───── DATA EXTRACTS ─────
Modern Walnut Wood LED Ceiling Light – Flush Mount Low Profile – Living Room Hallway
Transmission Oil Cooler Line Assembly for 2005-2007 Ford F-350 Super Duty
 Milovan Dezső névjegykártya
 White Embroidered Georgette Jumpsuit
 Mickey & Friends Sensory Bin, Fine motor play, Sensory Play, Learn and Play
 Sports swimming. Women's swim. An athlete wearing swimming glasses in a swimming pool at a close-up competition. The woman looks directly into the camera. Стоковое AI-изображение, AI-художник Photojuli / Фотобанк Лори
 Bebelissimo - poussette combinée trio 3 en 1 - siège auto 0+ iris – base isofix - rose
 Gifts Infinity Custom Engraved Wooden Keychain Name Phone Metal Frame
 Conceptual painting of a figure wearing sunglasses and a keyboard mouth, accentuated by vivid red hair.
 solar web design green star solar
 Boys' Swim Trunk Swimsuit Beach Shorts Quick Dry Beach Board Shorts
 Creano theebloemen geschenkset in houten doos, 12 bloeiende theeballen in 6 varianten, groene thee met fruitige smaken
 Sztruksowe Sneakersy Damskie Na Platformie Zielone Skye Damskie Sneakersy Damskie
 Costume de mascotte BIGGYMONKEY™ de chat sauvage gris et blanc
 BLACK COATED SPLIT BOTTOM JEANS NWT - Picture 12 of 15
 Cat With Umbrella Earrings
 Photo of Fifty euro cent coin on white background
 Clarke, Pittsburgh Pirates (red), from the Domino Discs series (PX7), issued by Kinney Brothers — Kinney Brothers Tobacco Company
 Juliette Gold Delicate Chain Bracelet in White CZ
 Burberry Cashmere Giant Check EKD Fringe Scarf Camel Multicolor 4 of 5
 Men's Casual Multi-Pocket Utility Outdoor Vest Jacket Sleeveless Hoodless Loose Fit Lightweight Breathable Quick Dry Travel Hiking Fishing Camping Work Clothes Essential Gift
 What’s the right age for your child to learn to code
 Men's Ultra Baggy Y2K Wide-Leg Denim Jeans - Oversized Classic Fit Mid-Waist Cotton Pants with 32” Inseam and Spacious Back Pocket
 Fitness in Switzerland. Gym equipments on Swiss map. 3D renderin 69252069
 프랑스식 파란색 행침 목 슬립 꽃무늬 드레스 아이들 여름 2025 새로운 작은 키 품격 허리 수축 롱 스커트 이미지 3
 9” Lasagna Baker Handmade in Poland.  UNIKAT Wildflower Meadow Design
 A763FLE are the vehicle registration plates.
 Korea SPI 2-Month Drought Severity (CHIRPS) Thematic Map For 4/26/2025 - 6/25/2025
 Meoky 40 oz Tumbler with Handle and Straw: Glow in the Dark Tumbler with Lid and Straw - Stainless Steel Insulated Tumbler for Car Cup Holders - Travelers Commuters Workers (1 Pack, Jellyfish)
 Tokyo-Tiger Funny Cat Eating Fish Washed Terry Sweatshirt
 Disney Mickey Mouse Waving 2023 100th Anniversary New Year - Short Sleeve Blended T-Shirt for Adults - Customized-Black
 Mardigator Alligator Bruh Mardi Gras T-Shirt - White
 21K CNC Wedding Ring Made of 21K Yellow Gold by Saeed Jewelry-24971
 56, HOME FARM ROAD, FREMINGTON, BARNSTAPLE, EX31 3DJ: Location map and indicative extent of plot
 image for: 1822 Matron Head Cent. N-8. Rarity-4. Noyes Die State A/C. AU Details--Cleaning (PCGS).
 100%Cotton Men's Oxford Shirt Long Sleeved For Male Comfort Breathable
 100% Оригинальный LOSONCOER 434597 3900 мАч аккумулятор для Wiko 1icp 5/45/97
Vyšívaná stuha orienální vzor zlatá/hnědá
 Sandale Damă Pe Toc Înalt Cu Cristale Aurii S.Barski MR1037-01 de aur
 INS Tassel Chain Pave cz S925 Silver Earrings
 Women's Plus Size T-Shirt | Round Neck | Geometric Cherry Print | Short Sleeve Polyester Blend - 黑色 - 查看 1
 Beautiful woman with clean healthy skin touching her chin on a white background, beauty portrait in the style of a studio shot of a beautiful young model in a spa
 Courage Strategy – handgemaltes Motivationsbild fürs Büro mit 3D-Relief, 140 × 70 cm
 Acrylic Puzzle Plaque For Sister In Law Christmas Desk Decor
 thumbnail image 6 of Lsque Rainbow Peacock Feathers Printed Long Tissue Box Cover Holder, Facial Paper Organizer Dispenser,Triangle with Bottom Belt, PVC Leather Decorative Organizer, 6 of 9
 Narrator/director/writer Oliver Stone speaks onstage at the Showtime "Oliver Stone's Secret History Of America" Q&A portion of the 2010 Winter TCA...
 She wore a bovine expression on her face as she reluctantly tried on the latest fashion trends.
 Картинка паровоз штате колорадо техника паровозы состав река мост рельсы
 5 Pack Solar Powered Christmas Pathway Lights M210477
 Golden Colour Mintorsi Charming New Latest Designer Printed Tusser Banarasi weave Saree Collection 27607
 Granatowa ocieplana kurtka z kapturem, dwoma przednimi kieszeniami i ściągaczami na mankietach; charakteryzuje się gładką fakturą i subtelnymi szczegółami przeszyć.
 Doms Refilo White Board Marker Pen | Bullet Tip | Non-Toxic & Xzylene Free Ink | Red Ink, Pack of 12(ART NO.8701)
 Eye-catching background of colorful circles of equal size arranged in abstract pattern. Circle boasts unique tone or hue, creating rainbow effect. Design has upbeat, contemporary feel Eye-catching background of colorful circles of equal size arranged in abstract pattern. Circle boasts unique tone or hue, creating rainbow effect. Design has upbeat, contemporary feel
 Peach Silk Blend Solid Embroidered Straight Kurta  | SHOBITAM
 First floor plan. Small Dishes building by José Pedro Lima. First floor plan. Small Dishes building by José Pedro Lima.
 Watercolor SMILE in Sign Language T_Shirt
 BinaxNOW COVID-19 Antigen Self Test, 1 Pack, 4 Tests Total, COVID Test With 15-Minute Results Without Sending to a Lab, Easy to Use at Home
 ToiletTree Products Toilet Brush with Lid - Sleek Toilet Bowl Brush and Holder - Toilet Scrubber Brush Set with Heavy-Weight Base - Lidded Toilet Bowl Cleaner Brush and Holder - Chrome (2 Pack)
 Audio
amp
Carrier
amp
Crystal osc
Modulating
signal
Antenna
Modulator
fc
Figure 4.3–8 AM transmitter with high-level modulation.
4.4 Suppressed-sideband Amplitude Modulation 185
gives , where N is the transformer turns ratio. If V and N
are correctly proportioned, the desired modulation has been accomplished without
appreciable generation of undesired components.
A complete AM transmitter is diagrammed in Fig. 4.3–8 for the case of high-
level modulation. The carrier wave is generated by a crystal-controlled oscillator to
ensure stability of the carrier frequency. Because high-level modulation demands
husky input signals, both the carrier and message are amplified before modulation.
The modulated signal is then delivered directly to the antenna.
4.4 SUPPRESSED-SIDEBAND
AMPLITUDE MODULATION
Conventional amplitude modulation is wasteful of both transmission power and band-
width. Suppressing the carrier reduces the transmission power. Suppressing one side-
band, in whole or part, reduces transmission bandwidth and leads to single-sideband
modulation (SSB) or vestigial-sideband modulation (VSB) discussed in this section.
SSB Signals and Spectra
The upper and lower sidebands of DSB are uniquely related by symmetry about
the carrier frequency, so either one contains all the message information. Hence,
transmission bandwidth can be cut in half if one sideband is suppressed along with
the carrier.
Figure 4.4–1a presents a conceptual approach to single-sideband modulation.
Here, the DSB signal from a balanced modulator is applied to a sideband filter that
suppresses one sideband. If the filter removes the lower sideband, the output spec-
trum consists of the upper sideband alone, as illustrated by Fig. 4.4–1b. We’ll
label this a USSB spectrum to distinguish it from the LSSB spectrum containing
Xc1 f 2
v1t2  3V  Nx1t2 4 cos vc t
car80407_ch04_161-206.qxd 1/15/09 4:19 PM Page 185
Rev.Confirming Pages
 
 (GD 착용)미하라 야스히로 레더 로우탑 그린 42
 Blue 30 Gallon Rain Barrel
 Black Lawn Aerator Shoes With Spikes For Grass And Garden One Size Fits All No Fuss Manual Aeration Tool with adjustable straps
─────
» **WHAT IS REQUIRED**:
Going through the records above, count the lines that hold the string "Quick" and give only the total.

» **RESULT**:
2